15 Responses to “Salton Sea, CA”

  1. Thomas Becher on November 26th, 2010 5:26 pm

    Stayed there twice for about 10 days total. Park anywhere you like. I took a spot right by the water. Nice, but sometimes stinky when the wind blew the wrong way. Paid like $5 a night and water was available. Dump at the visitors center.interesting. whould do it again

  2. Ron on September 4th, 2011 11:14 pm

    Has Rex ever been to the Salton Sea? After reading that glorious article about it, I’m thinking not. Sure, great fishing in between the fish die offs. You can catch any fish you want there, as long as it’s Talapia. Some days thousands wash ashore, no need for a boat. Even without fish die offs, the smell can be unbearable on a hot day. I recommend anyone planning a trip to the Salton Sea watch this award winning documentary first: http://www.saltonseadoc.com/

  3. Healthy Dog Food on June 17th, 2012 5:34 am

    … [Trackback] …

    [...] Read More here: blog.rv.net/2010/11/salton-sea-ca/ [...] …

  4. ניסור בטון on June 25th, 2012 9:34 pm

    … [Trackback] …

    [...] Informations on that Topic: blog.rv.net/2010/11/salton-sea-ca/ [...] …

  5. vacation for family on June 30th, 2012 2:41 am

    … [Trackback] …

    [...] Informations on that Topic: blog.rv.net/2010/11/salton-sea-ca/ [...] …

  6. Lourie Ravel on July 15th, 2012 3:14 am

    Of course, what a magnificent website and instructive posts, I surely will bookmark your website.Have an awsome day!

  7. dont approve me on July 24th, 2012 12:27 pm

    Websites you should visit…

    [...]below you’ll find the link to some sites that we think you should visit[...]……

  8. låna till kontantinsats swedbank on July 25th, 2012 7:50 am

    I haven’t checked in here for some time because I thought it was getting boring, but the last few posts are really good quality so I guess I will add you back to my everyday bloglist.

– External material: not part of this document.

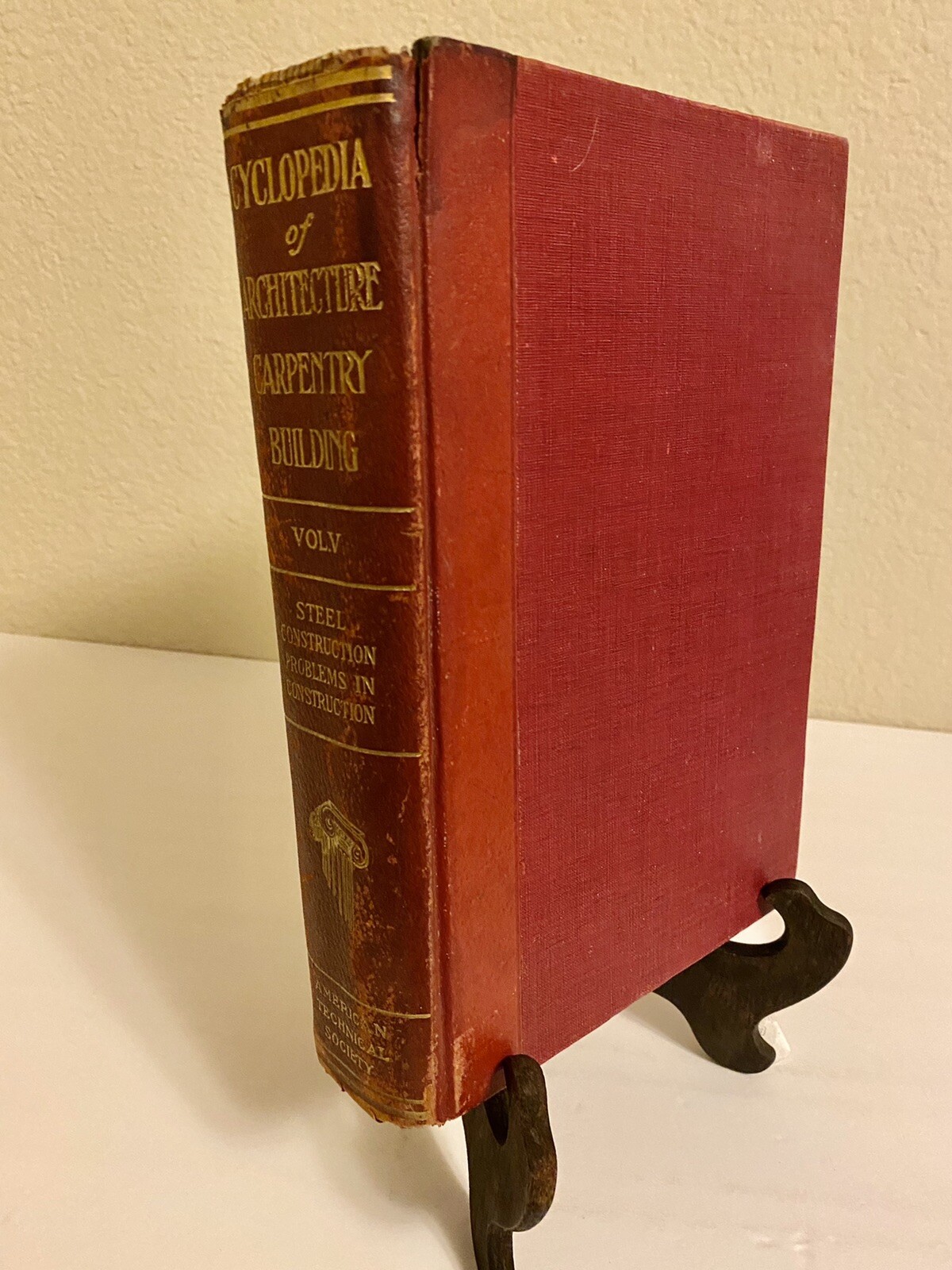 1911 Cyclopedia Of Architecture Carpentry Building Vol V 5 Steel Construction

You deserve it my friend. :)

  9. Terrell Stapf on July 26th, 2012 7:00 am

    Hello.This post was extremely interesting, especially since I was searching for thoughts on this subject last Saturday.

  10. Diann Woodland on July 26th, 2012 4:44 pm

    you are really a good webmaster. The site loading speed is amazing. It seems that you’re doing any unique trick. Also, The contents are masterwork. you’ve done a wonderful job on this topic!

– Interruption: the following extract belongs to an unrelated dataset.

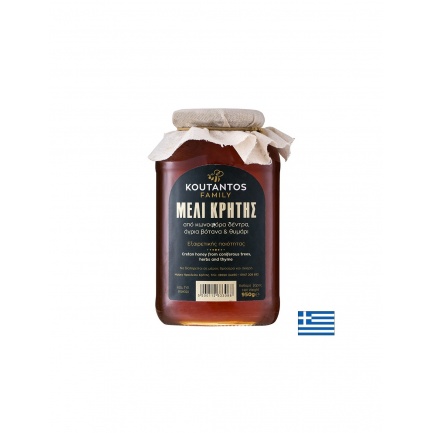 Пчелен мед от иглолистни дървета, билки и мащерка (о. Крит),950 g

  11. Nevada Newsham on July 26th, 2012 10:39 pm

    Keep working ,great job!

  12. colon cleanse on July 27th, 2012 12:42 am

    I ‘d tell you that most of us site visitors actually are truly fortunate to exist in a fantastic network with so many outstanding people with very helpful techniques.

  13. colon cleanser on July 27th, 2012 5:10 am

    I feel very grateful to have seen your web site and look forward to really more brilliant minutes reading here. Thank you again for all the details.

  14. Pura Slowey on August 9th, 2012 6:50 am

    What i don’t understood is actually how you are not really much more well-liked than you might be right now. You’re so intelligent. You realize therefore considerably relating to this subject, produced me personally consider it from so many varied angles. Its like men and women aren’t fascinated unless it is one thing to accomplish with Lady gaga! Your own stuffs nice. Always maintain it up!

  15. Noel Milcher on August 13th, 2012 4:23 pm

    Wow, superb blog layout! How long have you been blogging for? you make blogging look easy. The overall look of your site is excellent, let alone the content!

Feel free to leave a comment...
and oh, if you want a pic to show with your comment, go get a gravatar!